7) IIJIMA, S. AND KAWAI, M.: J. NUCL. SCI. TECHNOL., 20, 77
(1983).
8) PEREY, F.G: PHYS. REV. 131, 745 (1963).
9) HUIZENGA, J.R. AND IGO, G.: NUCL. PHYS. 29, 462 (1962).
10) LOHR, J.M. AND HAEBERLI, W.: NUCL. PHYS. A232, 381 (1974).
11) BECCHETTI, F.D., JR. AND GREENLEES, G.W.: POLARIZATION
PHENOMENA IN NUCLEAR REACTIONS ((EDS) H.H. BARSHALL AND
W. HAEBERLI), P. 682, THE UNIVERSITY OF WISCONSIN PRESS.
(1971).
12) GILBERT, A. AND CAMERON, A.G.W.: CAN. J. PHYS., 43, 1446
(1965).
13) IIJIMA, S., ET AL.: J. NUCL. SCI. TECHNOL. 21, 10 (1984).
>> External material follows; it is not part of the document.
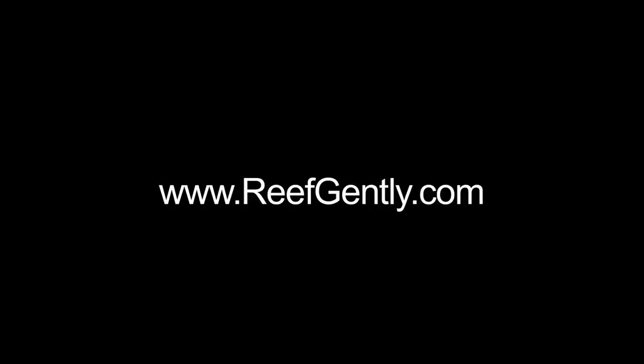For more information on other uses of the acclimate, including using our acclimate as a fish trap, visit us at ReefGently.com. Thank you for watching.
14) GRUPPELAAR, H.: ECN-13 (1977).
15) ENSDF: EVALUATED NUCLEAR STRUCTURE DATA FILE (JUNE 1987).
16) NUCLEAR DATA SHEETS, 46, 487 (1985).
17) BENZI, V. AND REFFO, G.: CCDN-NW/10 (1969).
18) KIKUCHI, K. AND KAWAI, M.: "NUCLEAR MATTER AND NUCLEAR
REACTIONS", NORTH HOLLAND (1968).
19) FORREST, R.A.: AERE-R 12419 (1986).